Irish Government needs to pick an ambitious and sustainable path to economic renewal past climate change. And stay on it.

“Anger is a valid emotion. It’s only bad when it takes control and makes you do things you didn’t want to do…”

Ellen Hopkins, via #Angrynomics

So Micheál Martin made good his strategic promise when he took over the party 2011 that he would lead the Fianna Fáil party back into government within ten years. It’s easy to forget just how implausible that sounded at the time, as they returned with just 20 seats.

He has also tried over the years since to make it clear to his party that there would be no more comfortably large wedges of single party dominance. Indeed, the outgoing government could be the last we see where one Taoiseach has such dominance around the cabinet table.

Martin’s incoming administration will have no such comfort zone, nor indeed will Leo Varadkar when he comes back for his second term at the end of 2022. Three parties will have to hack out this government’s course through moderation and consensus.

And it is very much his government. Pulling it together has not been easy, with as Theresa Reidy noted on Cargo of Bricks recently, social distancing requirements slowed down negotiations right down, or if you take the cynical view ran the clock down on any other option.

But the numbers in each of the three parties are impressive and they probably also give an indication that this is an administration that has got enough support to go the whole distance. That Martin was voted in by 93 to 63 gives him added confidence the Dáil is behind him.
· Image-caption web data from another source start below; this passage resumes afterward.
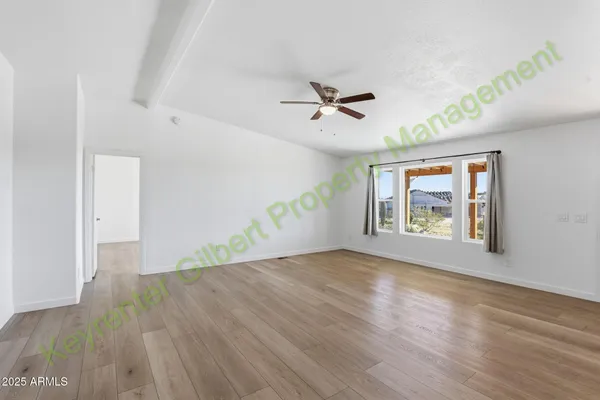 a view of an empty room with a window and wooden floor
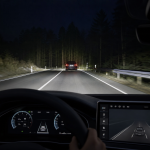Night driving assistance system active on a forest road viewed from inside a car
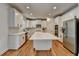 Bright, modern kitchen with white cabinets, stainless steel appliances and large island at 3305 Suffolk Dr, Cumming, GA 30041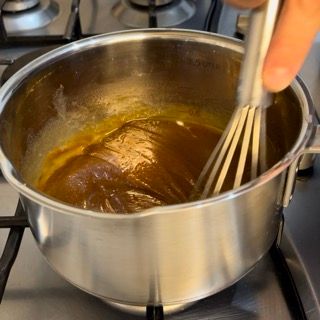 Burro e zucchero che bollono in un pentolino creando una salsa caramellata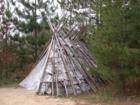 Hand-peeled poles and birch bark make up this authentic Native American dwelling.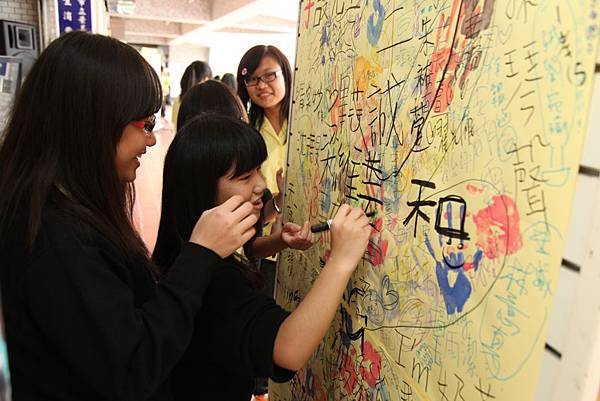 景女學生在手印牆上蓋滿學生比「五」的手印，並請同學踴躍簽名蓋印，象徵「手」護兒童健康。(台灣世界展望會提供)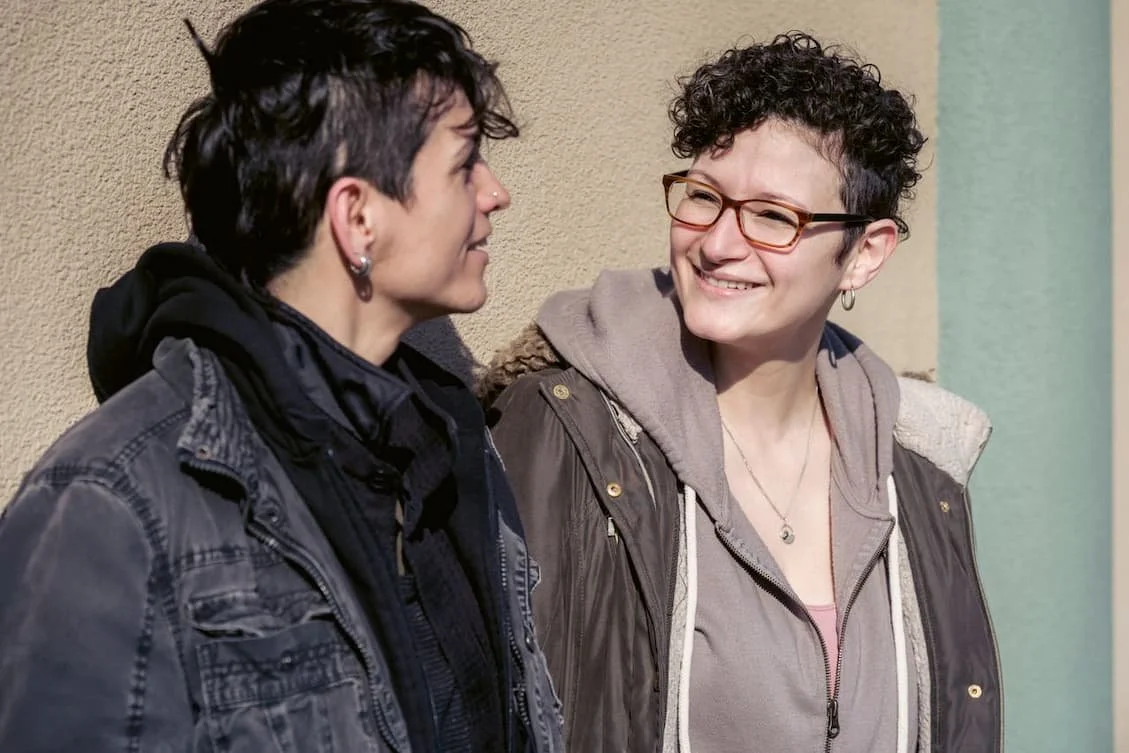 happy-lesbian-couple-having-conversation-on-sunny-autumn-street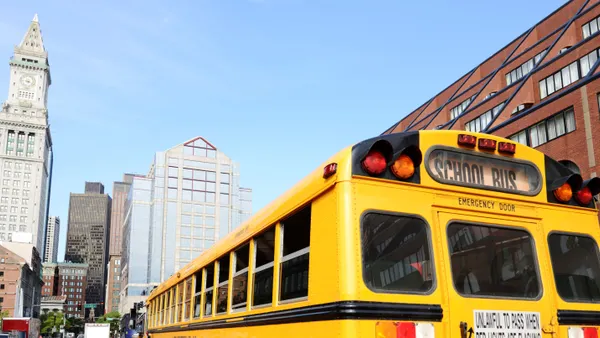 A yellow school bus drives along a road with tall skyscrapers ahead.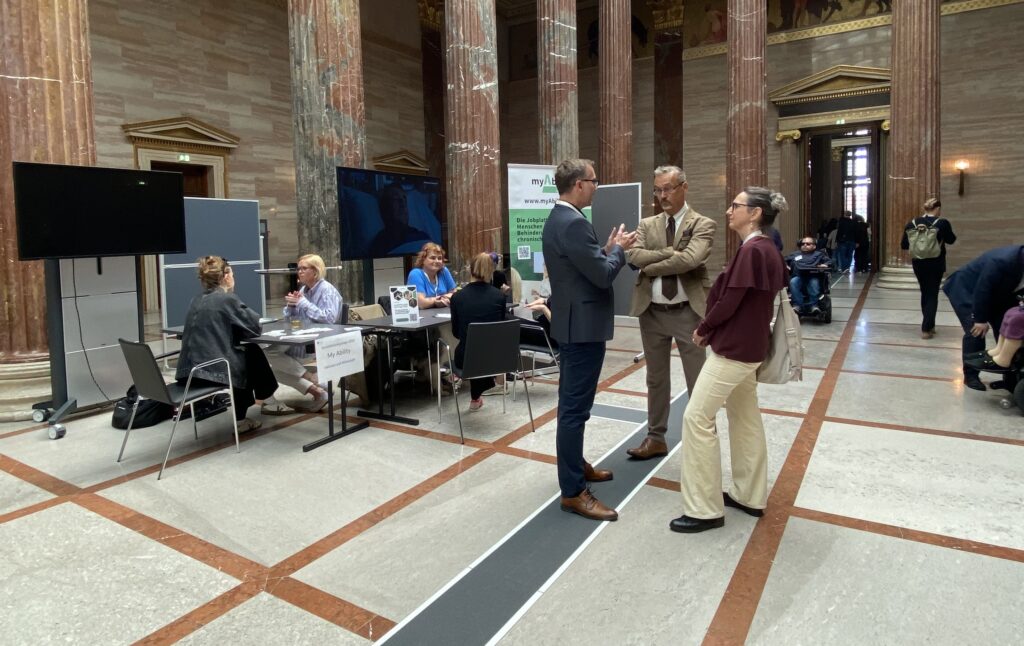 Große Halle im Parlament mit hohen Marmorsäulen während der Sensibilisierungstage Barrierefreiheit. Mehrere Personen stehen oder sitzen an Informationsständen im Gespräch. Im Hintergrund bewegt sich eine Person mit Elektrorollstuhl durch die Halle.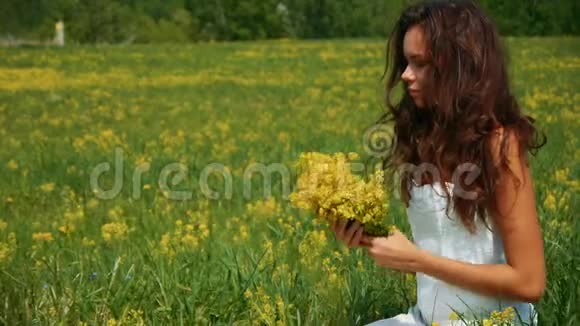 美丽的女人在绿色的田野里呼吸着黄花视频的预览图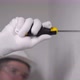 Builder Worker Makes Repairs in Apartment Screwing Screw in a Concrete Wall - VideoHive Item for Sale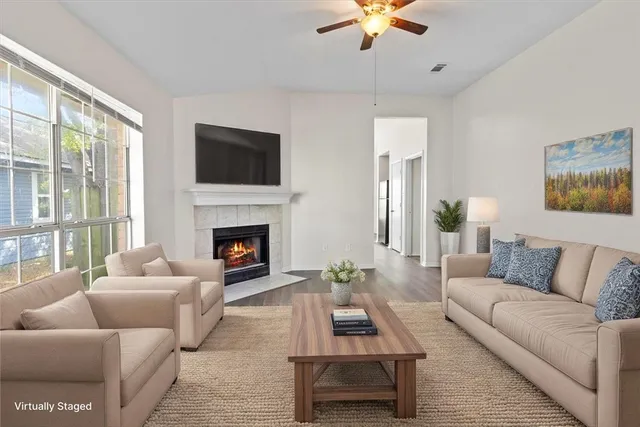 a living room with furniture fireplace and window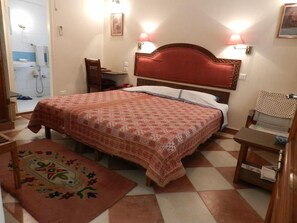 A hotel room with a bed, a desk, a chair, a small table, a rug, and a shower area. - Hotel Arya Niwas, Jaipur (Jaipur)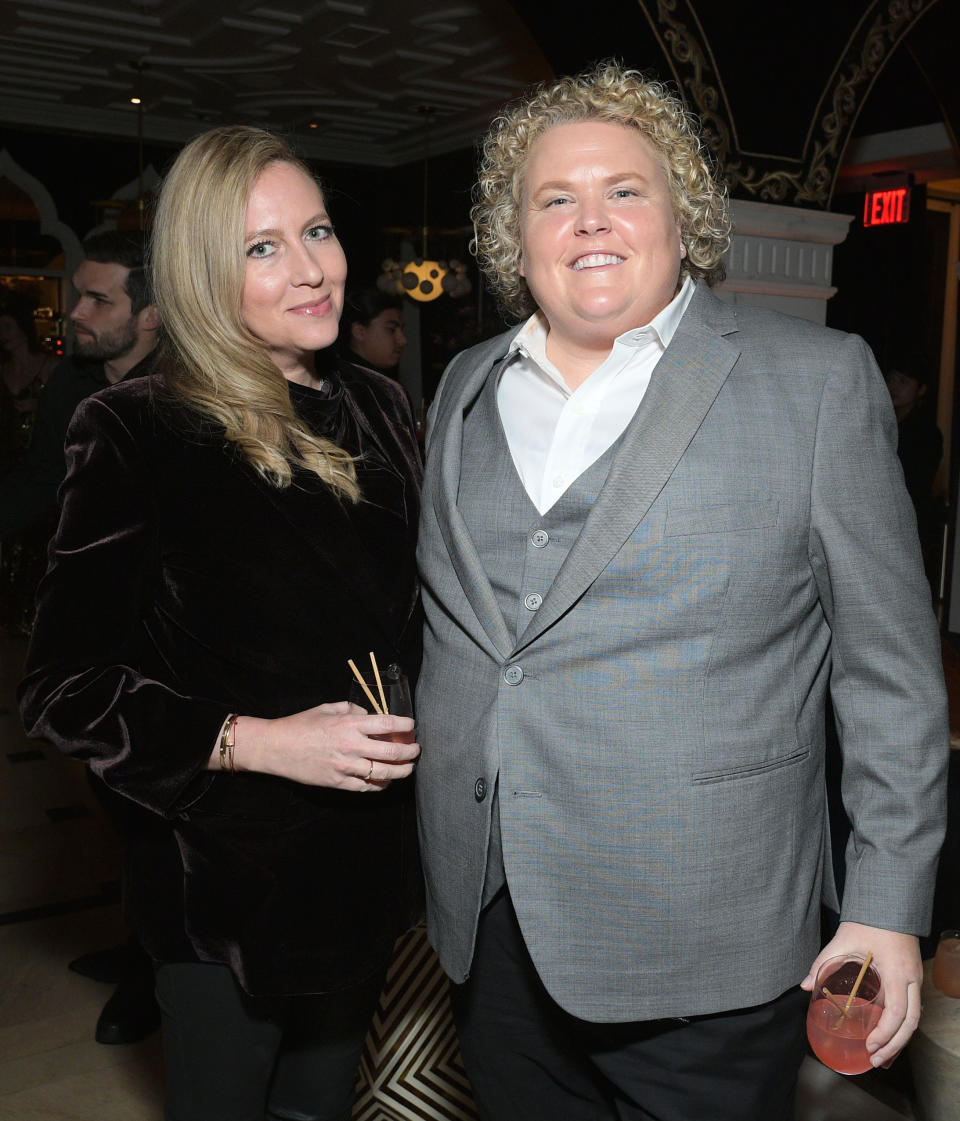 Fortune Feimster and Jacquelyn Smith at an event, Fortune in a grey suit and open-collar shirt, and Jacquelyn in a dark, velvet-like outfit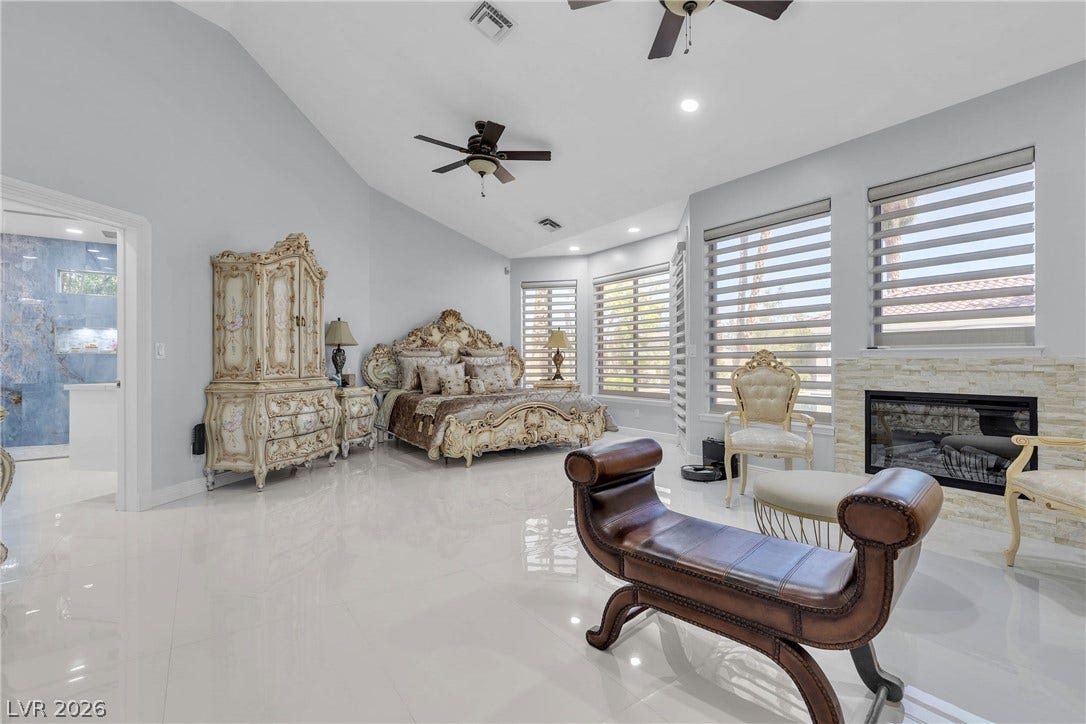3341 Camino Gardens Way, Las Vegas, NV 89146 Gleaming tile floors and vaulted ceilings define this grand bedroom suite featuring a stone fireplace.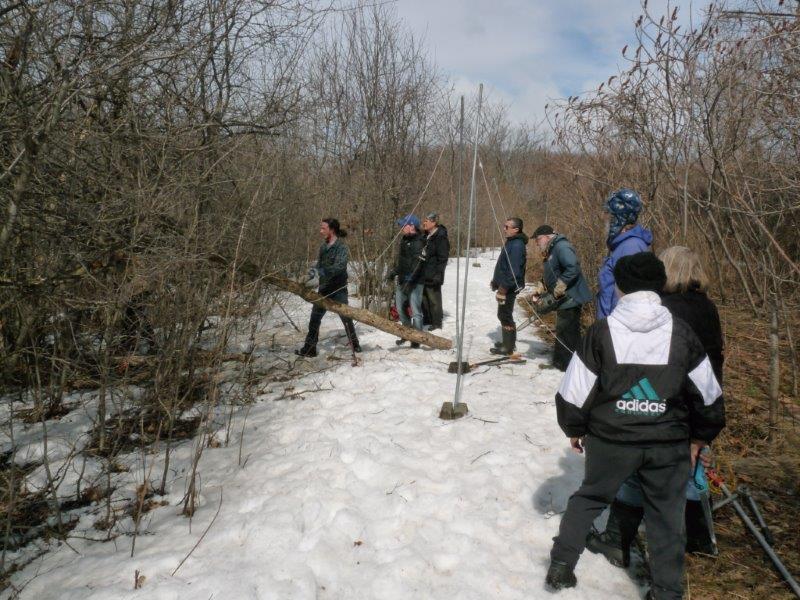 Volunteers helping with habitat management on a partly sunny but still snowbound day early this week (Photo by Marcel Gahbauer)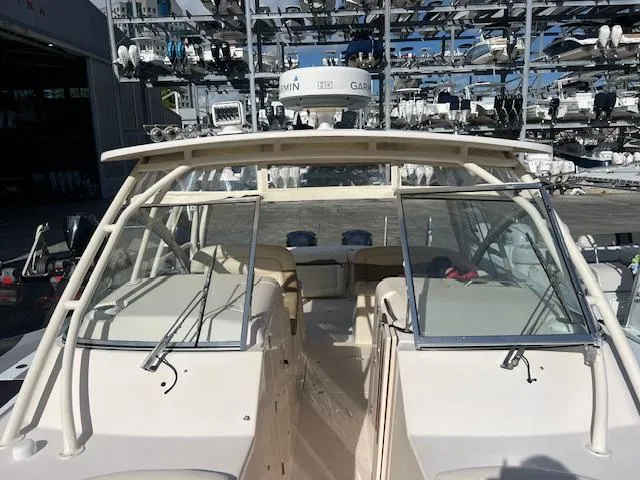 Slide: The Image of 2013 Grady-White Freedom 335 boat docked in a marina with multiple vessels. - 40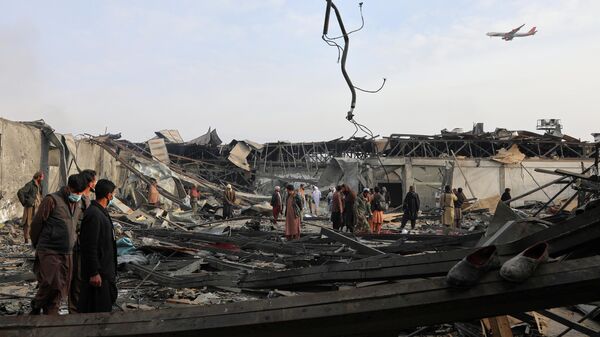 Residents and volunteers inspect the site of a late-Monday airstrike at a drug rehabilitation hospital in Kabul, Afghanistan, Tuesday, March 17, 2026.  - Sputnik International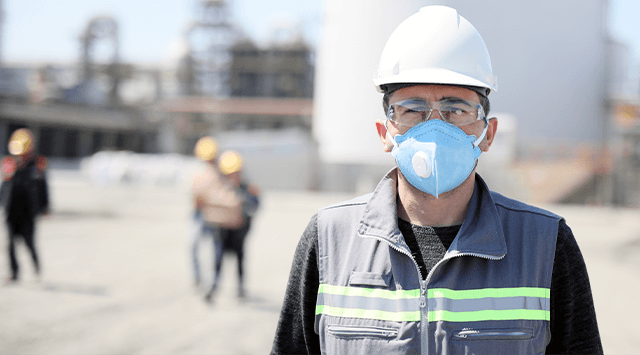 Construction worker wearing a feace mask at a jobsite.
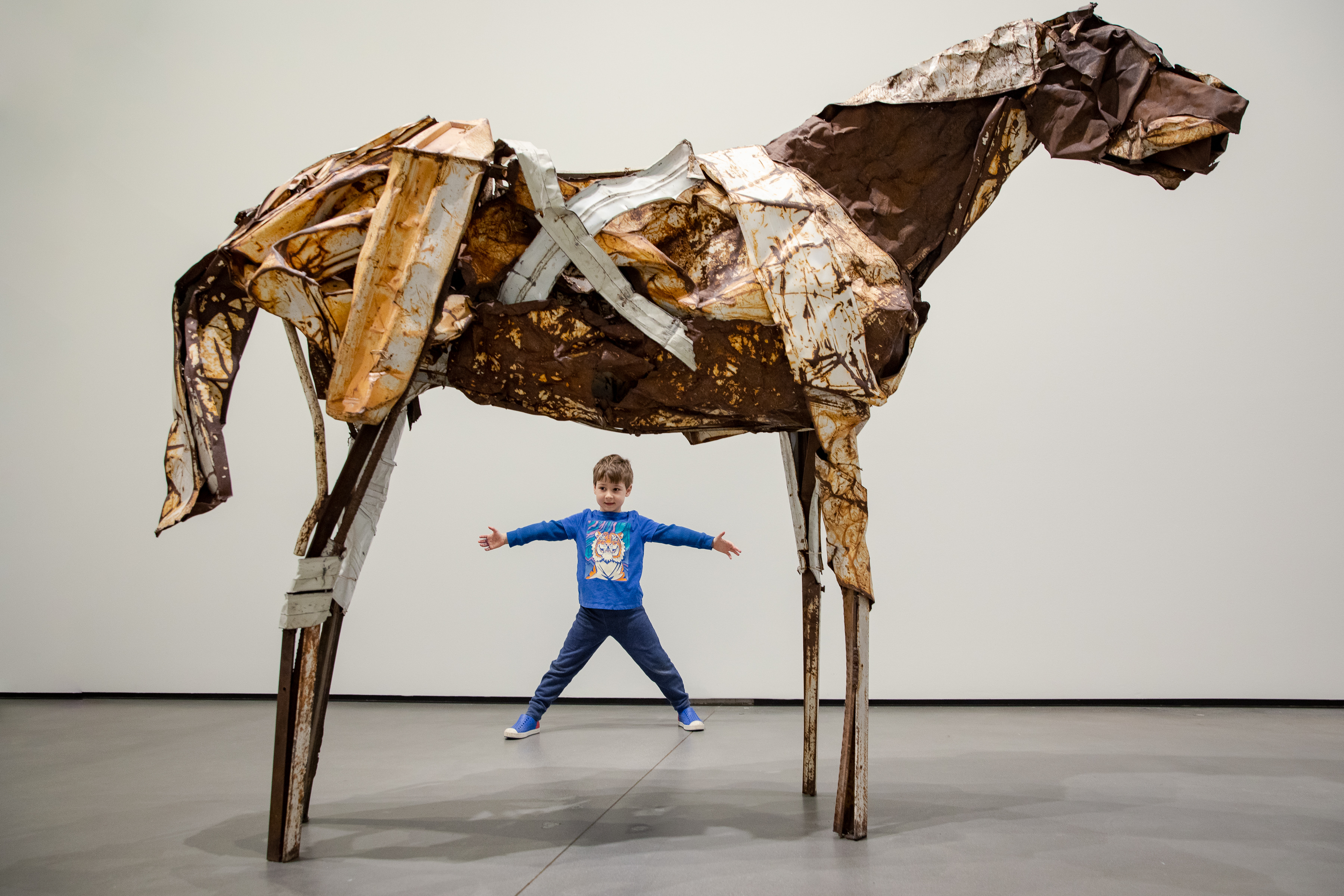 Boy with John, a horse sculpture created by Deborah Butterfield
The programme for government has a lot of criticism because it’s very long on promises but short on real commitments. That may be a reflection of Martin’s obsession with detail, but it also reflects the fact that it is not yet clear what business plan can deliver all this.

Coming up with a response to that will fall to the Fine Gael Finance Minister Paschal Donohoe who is one of the most intellectually engaged members of the Fine Gael front bench. Naturally courteous, he’s not a million miles from the new Taoiseach in personal temperament.

The success of this administration will rest on his ability to find innovative ways to reverse the long term global trend of states being forced to carry enormous corporate debt whilst picking up the huge social and economic cost of global shocks like the credit crunch and Covid19.

Solving big problems in health and housing is simply the entry level qualification for this government, like eaten bread it may well be forgotten by the time of the next election (much as the 2016 touchstone, Irish Water, was in February).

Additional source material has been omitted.